The full Cilium Helm values used in this cluster:

pitower/kubernetes/apps/kube-system/cilium/operator/values.yaml
hubble:
  enabled: true
  metrics:
    enabled:
      - dns:query;ignoreAAAA
      - drop
      - tcp
      - flow
      - port-distribution
      - icmp
      - http
  relay:
    enabled: true
    rollOutPods: true
    prometheus:
      serviceMonitor:
        enabled: true
  ui:
    enabled: true
    rollOutPods: true
    ingress:
      enabled: false
  serviceMonitor:
    enabled: true
  dashboards:
    enabled: true
    annotations:
      grafana_folder: Cilium

operator:
  prometheus:
    enabled: true
    serviceMonitor:
      enabled: true
  dashboards:
    enabled: true
    annotations:
      grafana_folder: Cilium
  replicas: 2
  rollOutPods: true

cluster:
  name: home-ops
  id: 1

cgroup:
  autoMount:
    enabled: false
  hostRoot: /sys/fs/cgroup

autoDirectNodeRoutes: true

bpf:
  masquerade: true

endpointRoutes:
  enabled: true

ipam:
  mode: kubernetes
ipv4NativeRoutingCIDR: 10.244.0.0/16
k8sServiceHost: 127.0.0.1
k8sServicePort: 7445
kubeProxyReplacement: true
kubeProxyReplacementHealthzBindAddr: 0.0.0.0:10256

l2announcements:
  enabled: true

loadBalancer:
  algorithm: maglev
  mode: dsr

localRedirectPolicy: true

routingMode: native

rollOutCiliumPods: true

Kube-Proxy Replacement

Cilium fully replaces kube-proxy in this cluster. The key settings:

kubeProxyReplacement: true
kubeProxyReplacementHealthzBindAddr: 0.0.0.0:10256
k8sServiceHost: 127.0.0.1
k8sServicePort: 7445

Talos Linux Integration

On Talos Linux, kube-proxy is disabled at bootstrap time. The k8sServiceHost: 127.0.0.1 and k8sServicePort: 7445 point to Talos's built-in API server proxy, allowing Cilium to operate without kube-proxy from the very first boot.

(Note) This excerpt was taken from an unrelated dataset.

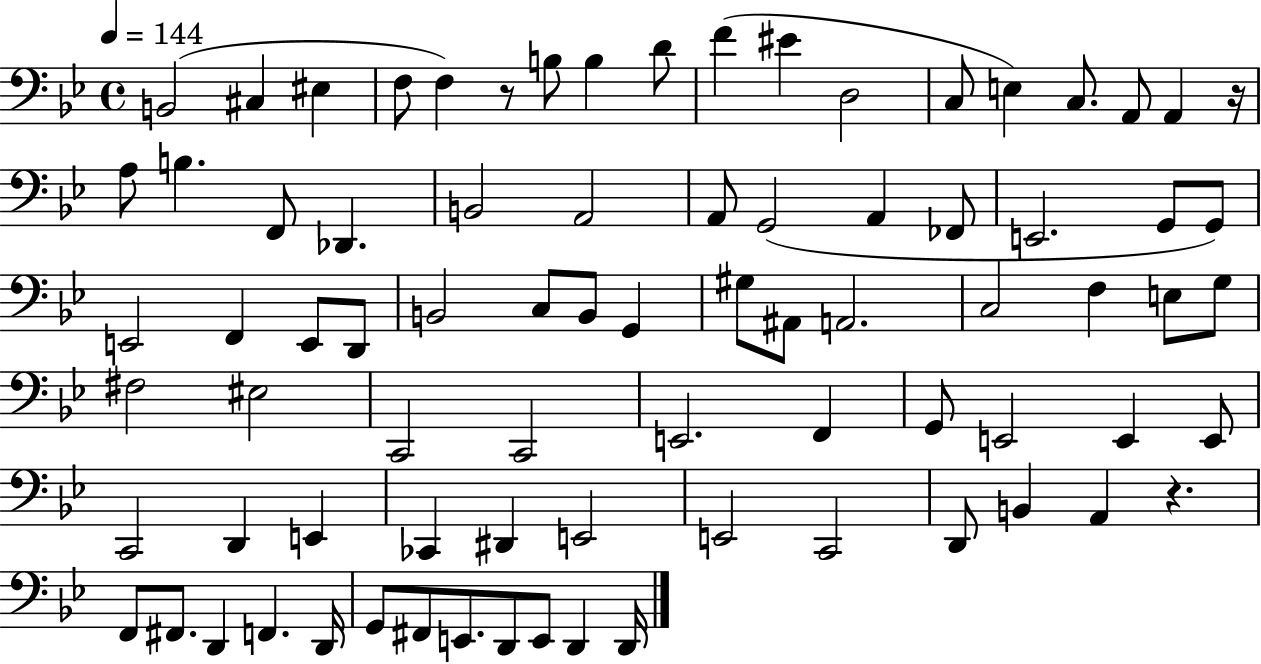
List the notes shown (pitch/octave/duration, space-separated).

B2/h C#3/q EIS3/q F3/e F3/q R/e B3/e B3/q D4/e F4/q EIS4/q D3/h C3/e E3/q C3/e. A2/e A2/q R/s A3/e B3/q. F2/e Db2/q. B2/h A2/h A2/e G2/h A2/q FES2/e E2/h. G2/e G2/e E2/h F2/q E2/e D2/e B2/h C3/e B2/e G2/q G#3/e A#2/e A2/h. C3/h F3/q E3/e G3/e F#3/h EIS3/h C2/h C2/h E2/h. F2/q G2/e E2/h E2/q E2/e C2/h D2/q E2/q CES2/q D#2/q E2/h E2/h C2/h D2/e B2/q A2/q R/q. F2/e F#2/e. D2/q F2/q. D2/s G2/e F#2/e E2/e. D2/e E2/e D2/q D2/s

With kube-proxy replacement, all ClusterIP, NodePort, and LoadBalancer service handling is done in eBPF -- no iptables rules are created for service routing.

L2 Announcements

Instead of MetalLB, Cilium's L2 announcement mode responds to ARP requests for LoadBalancer service IPs. This is configured with two resources:

CiliumL2AnnouncementPolicy

Tells Cilium to respond to ARP requests for LoadBalancer IPs on all Linux nodes:

pitower/kubernetes/apps/kube-system/cilium/config/cilium-l2.yaml
apiVersion: cilium.io/v2alpha1
kind: CiliumL2AnnouncementPolicy
metadata:
  name: policy
spec:
  loadBalancerIPs: true
  nodeSelector:
    matchLabels:
      kubernetes.io/os: linux

CiliumLoadBalancerIPPool (LBIPAM)

Defines the pool of IPs that Cilium can assign to LoadBalancer services:

pitower/kubernetes/apps/kube-system/cilium/config/cilium-l2.yaml
apiVersion: cilium.io/v2alpha1
kind: CiliumLoadBalancerIPPool
metadata:
  name: pool
spec:
  allowFirstLastIPs: "Yes"
  blocks:
    - start: 192.168.0.220
      stop: 192.168.0.239

IP Allocation

The pool covers 192.168.0.220 through 192.168.0.239 -- a 20-IP range. Services can request a specific IP from this pool using the lbipam.cilium.io/ips annotation on their Service resource. See the Load Balancers page for the full allocation table.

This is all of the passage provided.